PechaKucha presenter Ariel Hall

Behind the Slides: Performance artist discusses Yoko Ono’s bag and the body’s functional intelligence

Thu, 02/11/2016 - 11:30am

    Behind the Slides, our ongoing feature, is where we meet up with an artist who presented at a PechaKucha event and find out the deeper story beneath the images they chose to portray.

    Ariel Hall is a multi-disciplinary artist working mainly in performance and installation. She is currently working on projects for the opening of the new Center for Maine Contemporary Art, co-curating TEDxDirigo events and keeping furiously busy in her studio.

    Note: The slides appear in the right column. Click on the photos to match them with the actual slide notes (in italics). Beneath the slide notes will be the deeper story.

    Moebius Strip

    This is a moebius strip—a long and somewhat tangled one that I made of paper. If you imagine walking along the strip, you would return to your starting point having traversed the entire length on both "sides" but without ever crossing an edge. You're on the outside, then suddenly you're on the inside, but then the inside becomes the outside again, but actually the outside IS the inside. This torsion of inside and outside is much like a body's reflexive surfaces, where the boundaries between interiority and exteriority, oneself and the world, are in constant reciprocity with one another.

    Moebius strips are a guiding motif in my work. My work has always been predicated on the body, exploring the relationship between subject and object, and moebius strips are the perfect physical manifestation of this relationship—form, analogy, and metaphor, entwined.

    Planes of Contact

    I'm interested in planes of contact—permeable membranes, like skin, that simultaneously contain and demarcate, and allow for connection and flow. Bodies are our means and our medium in the world, and the very substance of us as subjects. So we are both object and subject, enfolded.

    I've done a number of collaborations with local photographer Ralph Hassenpflug. We work easily, fluidly together, drawn to similar materials and processes. This photo came from a long series of portraits we made using materials of various transparencies to wrap or occlude or layer over me. This is a lot about exploring emotional states of selfhood.

    Corporeality

    For me, corporeality is the most accessible framework for understanding the complexities of being a subject. This view of subjectivity assumes that bodily knowing is knowing—that a body has its own functional intelligence not lesser than the mind's. It's almost like I'm making maps of myself for myself, using my body as the primary thinking tool to better understand what it means to be a subject among subjects.

    I love working with latex. As a material, it is endlessly interesting to me. I love that it becomes like a second skin that I can stretch, pull, tear, fold, layer over me. It does wonderful things with light, and it's so resilient.

    Containers

    I'm particularly drawn to making and using various containers—jars and sacks and womb-like things that contain just like a body contains. In some ways, bodies are just vibrant containers for visceral mass—assemblages of many multiple containers brought together, smushed together, and held more or less in place by our skin. I'm compelled by materials and forms that reference a body or evoke bodiless.

    These containers are very visceral to me. I made them by melting down plastic bottles into wilted forms. They are like little bodies, little clear bodies that reveal their fluid insides. But they're also just simple vases.

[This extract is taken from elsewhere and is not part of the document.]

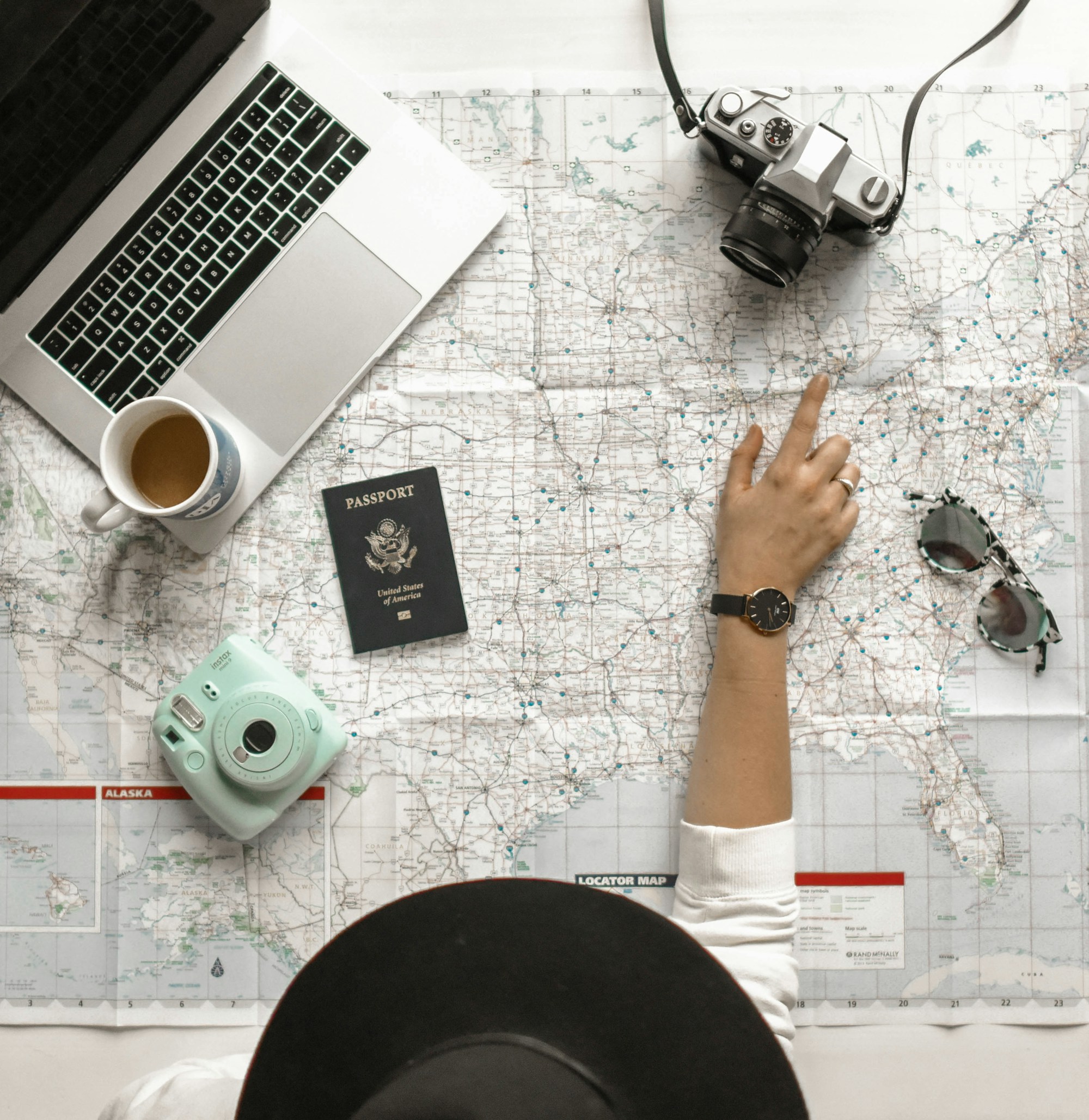A hand tracing a route on a road map spread across a desk beside a laptop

    Anthropophagic Slobber

    Part of what I loved about performing this piece, called Anthropophagic Slobber, by Lygia Clark, was that it so explicitly plays with the relationships between interior, exterior, and surface. By drawing thread out of one's mouth onto the skin of another, what's internal is literally made external, and a second skin of accumulated thread forms.

    For the past two years I have performed other artists' work at the Museum of Modern Art. This is one of those pieces. I actually wrote about this particular piece in my graduate thesis. I've been working with this same group of performers on a number of different shows, and we have developed this incredible intimacy which makes doing a piece like this one much easier than if it were with strangers.

    Yoko Ono’s Bag

    Sometimes a simple device, like Yoko Ono's black cloth bag for Bag Piece, is the most profoundly effective. Getting inside the bag and spending hours in it, every day, for four months, changes you. From inside, a whole world is available to you. You can see out to the people looking at you, but they can't see in beyond the bag's opacity.

    This is another piece I did at MoMA. I loved the freedom that it allowed—you're simultaneously very much on display and totally hidden from view. It allows you to really be yourself, which was partly Yoko's intention with the piece. This photo is taken from inside the bag, looking out to my reflection in a mirror across the way. I love the reflexive thing that happens here where you can see yourself looking at yourself but you can't actually see yourself—all you see is your form. Again, I think of that flip between inside and outside, self and other.